= Beginning of Section =

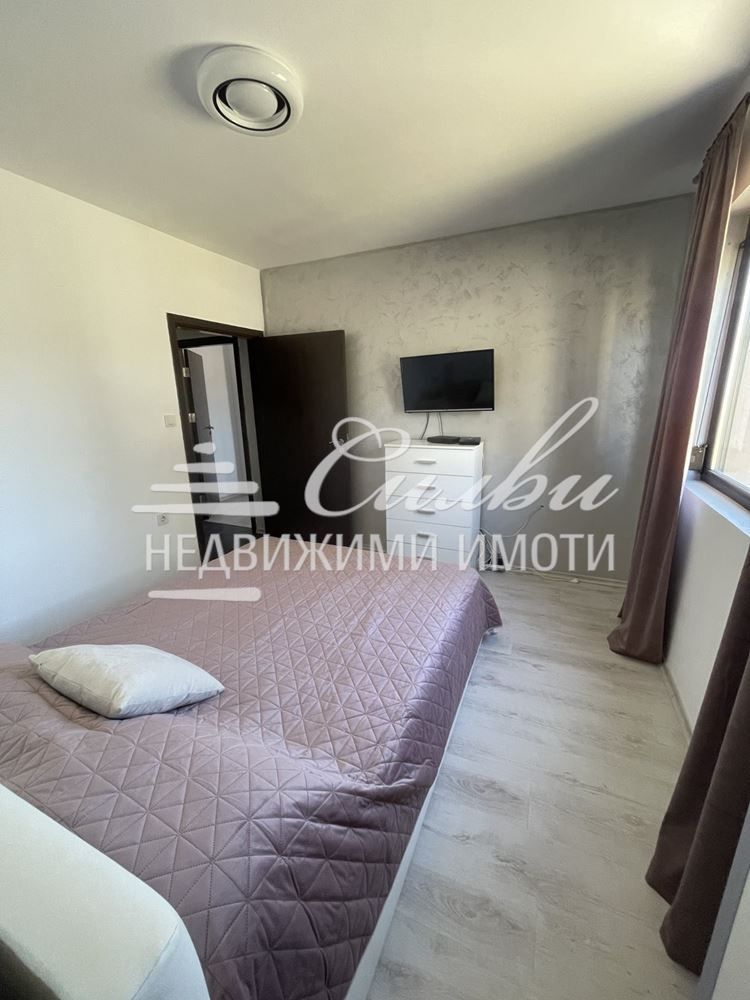 Дава се под наем Двустаен апартамент в Шумен, Пазара - 70 кв.м за 357 € - Снимка #6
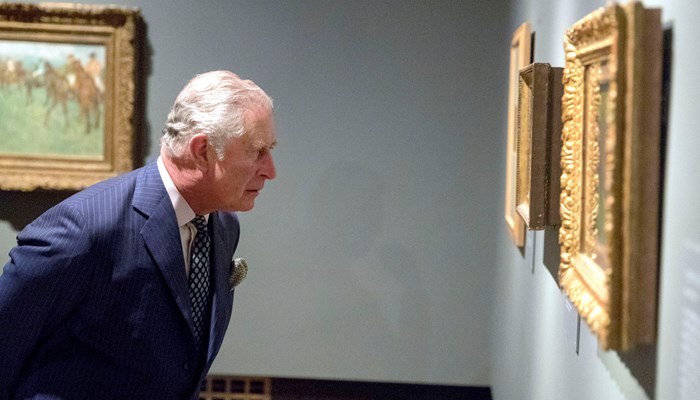The Prince of Wales views the exhibition Drawn in Colour Degas from the Burrell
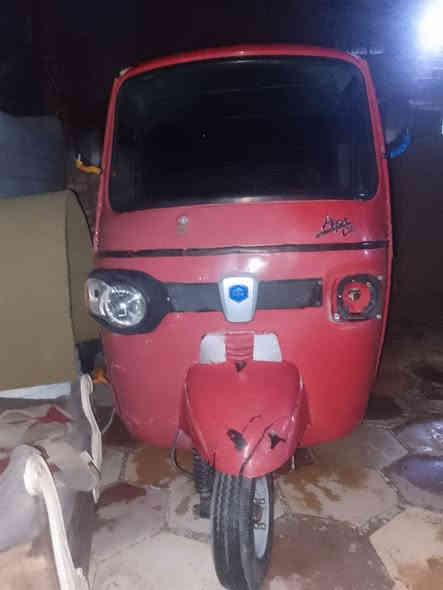 السلام عليكم عندي تكتك ابياجو للبيع موديل18 اوراق أصولي السعر مليون او بيه مجال للتواصل عله الرقم *********** بس كاطعه ناريه
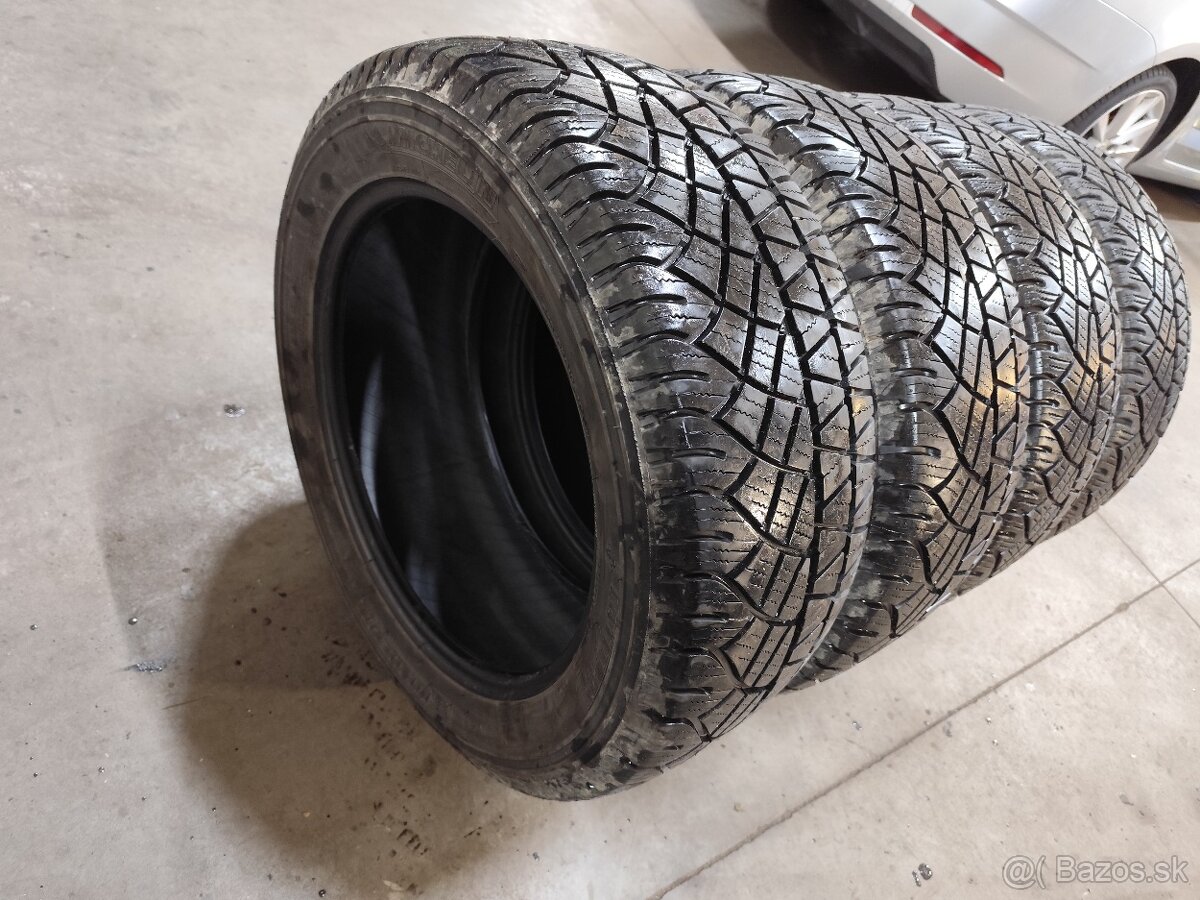 Predám celoročné pneumatiky 235/55R18 - 2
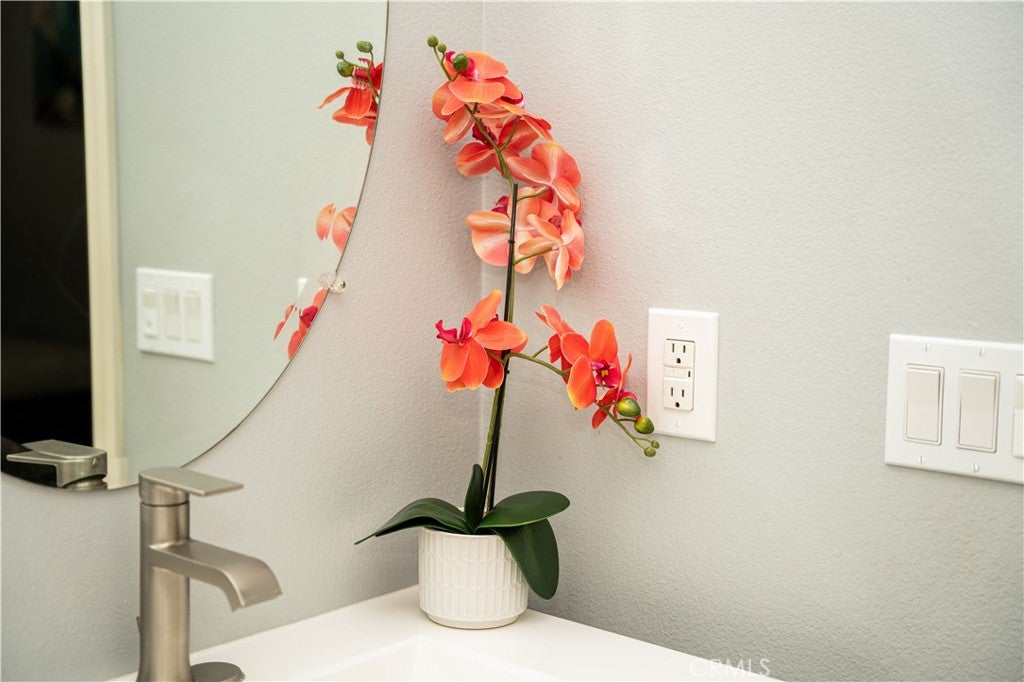 Indio, California, 92203, United States, 5 Bedrooms Bedrooms, ,3 BathroomsBathrooms,Residential,For Sale,1989302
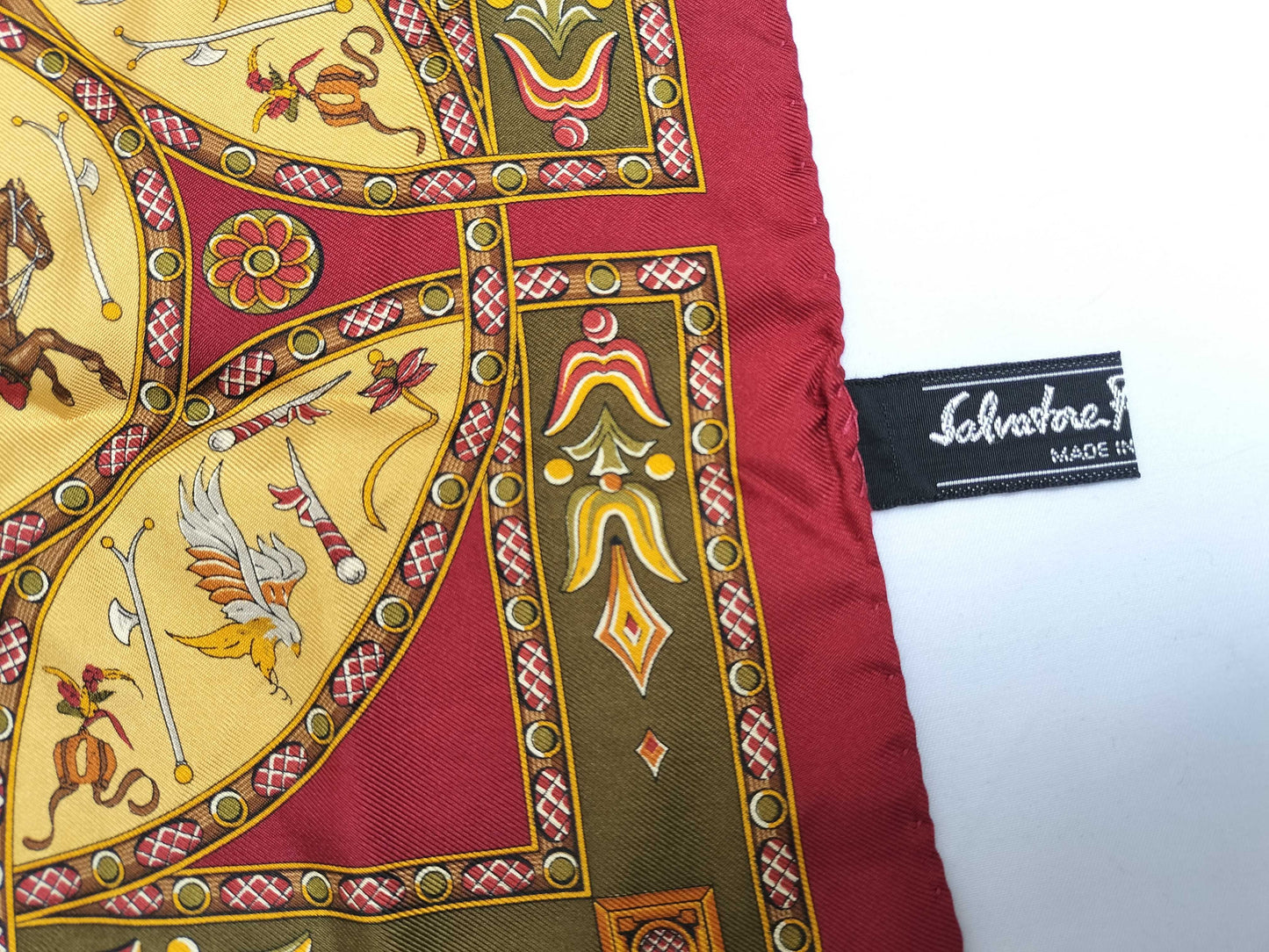 Salvatore Ferragamo Salvatore Ferragamo Ferragamo Silk Scarf Bordeaux Scarf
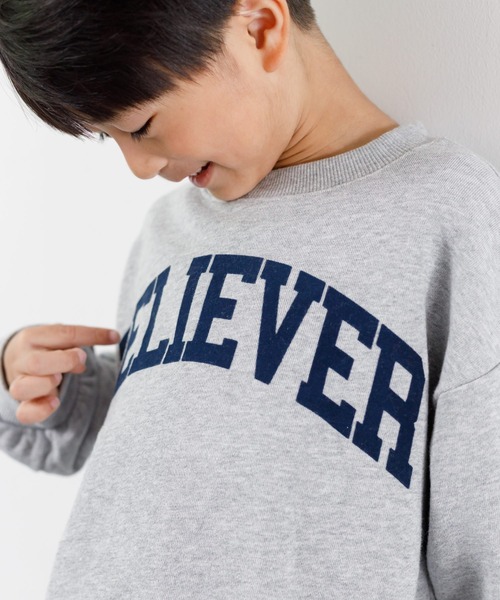 MAKE YOUR DAY（メイクユアデイ）の「BELIEVERロゴファミリー裏毛トレーナー■80～140cm（スウェット・キッズ・チャコールグレー/グレー・140/130/80/120/110/90/100）」の3枚目の写真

= End of Section =

= ASSIGNMENT =
Copy out the full material exactly. Pictures should not appear in it.

= RESULT FOR THIS EXERCISE =
 Дава се под наем Двустаен апартамент в Шумен, Пазара - 70 кв.м за 357 € - Снимка #6
The Prince of Wales views the exhibition Drawn in Colour Degas from the Burrell
 السلام عليكم عندي تكتك ابياجو للبيع موديل18 اوراق أصولي السعر مليون او بيه مجال للتواصل عله الرقم *********** بس كاطعه ناريه
 Predám celoročné pneumatiky 235/55R18 - 2
 Indio, California, 92203, United States, 5 Bedrooms Bedrooms, ,3 BathroomsBathrooms,Residential,For Sale,1989302
 Salvatore Ferragamo Salvatore Ferragamo Ferragamo Silk Scarf Bordeaux Scarf
 MAKE YOUR DAY（メイクユアデイ）の「BELIEVERロゴファミリー裏毛トレーナー■80～140cm（スウェット・キッズ・チャコールグレー/グレー・140/130/80/120/110/90/100）」の3枚目の写真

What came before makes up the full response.